É uma imagem antológica das Copas do Mundo: Daniel Passarela levantando o troféu em Buenos Aires após a vitória sobre a Holanda, na final de 1978. Ao realizar o gesto clássico, Passarela se tornou uma lenda do futebol, o capitão que representava a garra argentina nos gramados.

O que pouca gente lembra é que, até pouco tempo antes, não era Daniel Passarela o capitão do time que viria a ser campeão. Quem carregava a braçadeira era Jorge Carrascosa, “El Lobo”, que já havia jogado na Copa de 1974, tinha o reconhecimento dos argentinos e era o “homem de confiança” do técnico César Menotti.

Mas um golpe de estado atravessou a história de El Lobo, da Argentina e da albiceleste. Em 1976, Jorge Rafael Videla e uma junta militar derrubam a presidenta Isabel Perón e dão início a uma das mais sangrentas ditaduras do continente, que iria durar até 1983.

Carrascosa, que no exato dia do golpe estava defendendo a seleção argentina em jogo amistoso contra a Polônia, na Europa, acabou renunciando à seleção. Em 1977, um ano antes da Copa, anunciou que não aceitaria a convocação e que abria mão de jogar o mundial. Mesmo com a insistência de Menotti, Carrascosa não cedeu: chamado até então também de El Gran Capitán, Jorge Carrascosa passou a ter seu nome associado pelo regime de Videla a “antipatriotismo” e “comunismo”.

A faixa de capitão foi então entregue a Passarela. Que seguiu o mundial com Fillol, Kempes e Tarantini, levando a Argentina a um contestado título, por muitos chamado de “o mundial da vergonha”: entre as suspeitas, um placar supostamente arranjado contra o Peru (um 6 a 0 bastante estranho) e visitas de generais a vestiários, não só da seleção da casa.

Além disso, o jogo final aconteceu no estádio Monumental de Nuñez, situado a pouco mais de 1km do principal centro de detenção da ditadura, a Esma – Escola de Mecânica do Exército, local em que o regime torturava e matava seus adversários. Presos que viveram o dia histórico do futebol argentino afirmam que, de seus cubículos, podiam escutar as comemorações dos gols e a festa do título. Dizem que, naquela tarde, não houve tortura.
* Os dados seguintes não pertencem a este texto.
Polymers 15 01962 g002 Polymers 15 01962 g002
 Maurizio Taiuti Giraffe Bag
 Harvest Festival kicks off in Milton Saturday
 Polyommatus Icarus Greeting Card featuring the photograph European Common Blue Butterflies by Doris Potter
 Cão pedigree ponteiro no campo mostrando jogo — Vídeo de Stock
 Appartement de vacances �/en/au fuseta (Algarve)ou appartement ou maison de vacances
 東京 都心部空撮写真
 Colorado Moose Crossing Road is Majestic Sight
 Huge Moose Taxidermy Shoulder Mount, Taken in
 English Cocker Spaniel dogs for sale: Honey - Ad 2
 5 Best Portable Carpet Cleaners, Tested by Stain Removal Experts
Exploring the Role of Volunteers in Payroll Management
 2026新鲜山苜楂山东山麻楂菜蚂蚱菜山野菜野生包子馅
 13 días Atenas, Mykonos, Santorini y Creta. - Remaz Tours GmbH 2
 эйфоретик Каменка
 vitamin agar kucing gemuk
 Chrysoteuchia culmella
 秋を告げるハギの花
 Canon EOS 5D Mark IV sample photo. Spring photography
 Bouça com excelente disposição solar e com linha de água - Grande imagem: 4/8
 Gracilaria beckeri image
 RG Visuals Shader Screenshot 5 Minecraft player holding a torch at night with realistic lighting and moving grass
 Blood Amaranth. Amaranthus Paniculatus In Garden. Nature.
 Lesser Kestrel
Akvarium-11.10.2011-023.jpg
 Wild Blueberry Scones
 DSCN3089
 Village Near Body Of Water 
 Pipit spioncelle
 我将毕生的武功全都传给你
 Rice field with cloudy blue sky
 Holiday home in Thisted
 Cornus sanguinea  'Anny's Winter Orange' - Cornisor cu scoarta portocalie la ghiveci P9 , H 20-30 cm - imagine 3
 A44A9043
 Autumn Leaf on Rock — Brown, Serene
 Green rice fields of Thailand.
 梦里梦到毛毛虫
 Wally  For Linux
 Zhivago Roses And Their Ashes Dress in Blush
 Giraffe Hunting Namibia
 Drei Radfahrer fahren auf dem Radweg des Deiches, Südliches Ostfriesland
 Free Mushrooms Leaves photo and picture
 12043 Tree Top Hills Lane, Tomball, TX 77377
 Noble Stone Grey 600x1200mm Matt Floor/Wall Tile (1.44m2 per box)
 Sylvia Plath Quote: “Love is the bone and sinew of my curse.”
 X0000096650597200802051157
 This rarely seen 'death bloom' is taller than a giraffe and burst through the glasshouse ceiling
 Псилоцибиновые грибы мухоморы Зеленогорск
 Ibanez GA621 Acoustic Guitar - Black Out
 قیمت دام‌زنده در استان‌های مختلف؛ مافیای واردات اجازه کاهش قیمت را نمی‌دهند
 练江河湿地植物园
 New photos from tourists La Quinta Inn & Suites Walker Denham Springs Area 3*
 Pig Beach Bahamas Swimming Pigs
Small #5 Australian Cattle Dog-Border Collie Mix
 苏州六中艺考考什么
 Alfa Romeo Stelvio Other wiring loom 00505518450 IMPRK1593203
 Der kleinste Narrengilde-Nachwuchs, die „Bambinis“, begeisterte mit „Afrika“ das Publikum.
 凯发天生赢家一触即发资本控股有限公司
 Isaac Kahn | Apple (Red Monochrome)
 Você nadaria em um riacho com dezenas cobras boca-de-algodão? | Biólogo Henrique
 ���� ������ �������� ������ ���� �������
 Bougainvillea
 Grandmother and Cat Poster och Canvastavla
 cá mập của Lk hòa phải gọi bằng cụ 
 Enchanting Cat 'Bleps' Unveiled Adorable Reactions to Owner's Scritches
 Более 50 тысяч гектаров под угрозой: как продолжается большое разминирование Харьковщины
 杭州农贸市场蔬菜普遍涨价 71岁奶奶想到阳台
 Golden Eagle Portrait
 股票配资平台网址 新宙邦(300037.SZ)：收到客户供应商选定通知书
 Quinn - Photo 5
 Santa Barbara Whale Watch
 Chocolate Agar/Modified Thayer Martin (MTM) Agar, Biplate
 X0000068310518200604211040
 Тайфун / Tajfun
Passarela posou ao fim do jogo ao lado de Videla, com um aperto de mãos. Anos depois, o capitão do título, que conheceu fama e fortuna, afirmou: “Se eu soubesse realmente o que estava acontecendo no meu país não teria usado a camisa nacional”.

Carrascosa sabia e não usou. Apesar de por muitos anos evitar falar claramente sobre a decisão e dizer que foi motivada por coisas como a corrupção no futebol argentino da época, entrou para a história como o capitão que abriu mão do possível título para manter suas convicções pessoais e políticas. El Lobo não gosta de ser fotografado e, aos 70 anos, vive uma vida modesta na região sul de Buenos Aires.

*a foto não mostra Passarela e, sim, Henri Michel, então capitão da seleção da França, e El Lobo, em 1977, pouco antes de um dos últimos jogos de Carrascosa como El Gran Capitán.